На пути к Н. А. Некрасову
1
В стихотворении «О Муза! я у двери гроба!..» умирающий Некрасов писал:
Не русский – взглянет без любви
На эту бледную, в крови,
Кнутом иссеченную Музу…
«Ты любишь несчастного, русский народ! Страдания нас породнили», – скажет в конце своего подвижнического, крестного пути в Сибирь некрасовская героиня, княгиня Волконская. Среди русских поэтов и писателей Некрасов наиболее глубоко почувствовал и выразил одухотворенную красоту страдания, его очищающую и просветляющую человека высоту.

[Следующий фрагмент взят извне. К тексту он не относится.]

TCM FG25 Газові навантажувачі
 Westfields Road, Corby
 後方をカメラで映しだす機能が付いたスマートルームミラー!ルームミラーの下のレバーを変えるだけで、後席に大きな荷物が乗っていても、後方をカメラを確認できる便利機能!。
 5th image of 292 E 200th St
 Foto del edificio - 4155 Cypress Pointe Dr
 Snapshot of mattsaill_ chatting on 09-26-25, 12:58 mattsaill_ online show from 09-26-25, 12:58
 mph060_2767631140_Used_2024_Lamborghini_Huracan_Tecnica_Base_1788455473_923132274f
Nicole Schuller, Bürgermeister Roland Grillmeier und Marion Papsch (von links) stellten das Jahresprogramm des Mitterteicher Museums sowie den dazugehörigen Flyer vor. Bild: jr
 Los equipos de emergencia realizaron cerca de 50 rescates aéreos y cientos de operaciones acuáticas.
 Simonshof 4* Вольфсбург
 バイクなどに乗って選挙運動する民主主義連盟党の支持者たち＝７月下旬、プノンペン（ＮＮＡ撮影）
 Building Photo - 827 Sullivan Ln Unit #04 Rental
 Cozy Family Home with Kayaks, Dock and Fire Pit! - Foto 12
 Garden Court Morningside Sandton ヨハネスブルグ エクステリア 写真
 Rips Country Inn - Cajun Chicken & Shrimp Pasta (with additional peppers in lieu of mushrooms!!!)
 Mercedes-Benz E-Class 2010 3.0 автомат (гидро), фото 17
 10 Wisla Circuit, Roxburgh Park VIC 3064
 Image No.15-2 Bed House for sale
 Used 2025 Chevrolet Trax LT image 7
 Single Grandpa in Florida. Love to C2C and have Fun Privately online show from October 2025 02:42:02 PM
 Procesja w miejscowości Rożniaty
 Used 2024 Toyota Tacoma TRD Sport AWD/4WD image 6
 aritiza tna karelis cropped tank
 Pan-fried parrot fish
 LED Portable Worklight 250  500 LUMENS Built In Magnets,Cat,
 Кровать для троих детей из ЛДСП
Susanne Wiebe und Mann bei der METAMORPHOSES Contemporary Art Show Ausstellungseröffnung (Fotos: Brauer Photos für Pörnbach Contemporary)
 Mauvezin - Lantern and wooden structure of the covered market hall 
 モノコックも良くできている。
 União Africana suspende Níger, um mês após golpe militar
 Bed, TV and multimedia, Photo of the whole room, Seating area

В скорбный день кончины Некрасова Достоевский, писатель из чуждого вроде бы стана, не мог уже работать, а взял с полки все три тома его поэзии, стал читать и… просидел всю ночь. «В эту ночь, – говорил Достоевский, – я буквально в первый раз дал себе отчет, как много Некрасов-поэт занимал места в моей жизни… Мне дорого, очень дорого, что он „печальник народного горя“ и что он так много и страстно говорил о горе народном, но еще дороже для меня в нем то, что в великие, мучительные и восторженные моменты своей жизни он, несмотря на все противоположные влияния и даже на собственные убеждения свои, преклонялся перед народной правдой всем существом своим, о чем и засвидетельствовал в лучших своих изданиях… Он болел о страданиях его всей душой, но видел в нем не один лишь униженный рабством образ, но мог силой любви своей постичь почти бессознательно и красоту народную, и силу его, и ум его, и страдальческую кротость его, и даже частию уверовать в будущее назначение его».
Некрасов – поэт сокровенных основ отечественной духовности. Первые наши святые, князья Борис и Глеб, канонизированы в лике праведников, претерпевших незаслуженные смертные муки от рук их коварного старшего брата Святополка. Страстотерпцы наиболее ярко представляют идеал нашей святости. У Некрасова высшей добродетелью отличается в народе тот, «кто все терпит во имя Христа». Вместе с народом русским Некрасов очень рано понял и глубоко почувствовал, что на этой земле веселие и радость – залетные гости, а скорби и труды – неизменные спутники. Некрасов знал и глубоко ценил тернистые пути, видел в них источник высокой духовности, залог человеческого спасения: «В рабстве спасенное Сердце свободное – Золото, золото, Сердце народное!»
Достоевский тонко почувствовал трепетный нерв, бьющийся в глубине поэтического сердца Некрасова. Радость и красота его поэзии в художественной правде вечных христианских истин: не пострадавший – не спасется, не претерпевший скорбей и печалей – не обретет мира в душе. Любовь к страданию и состраданию, вера в спасительную силу этих божественных даров в душе смертного человека являются идеалом, к вершинам которого устремлены творческие порывы национального поэта. «Прочтите эти страдальческие песни сами, – взывал Достоевский. – И пусть оживет наш любимый, страстный поэт. Страстный к страданию поэт!»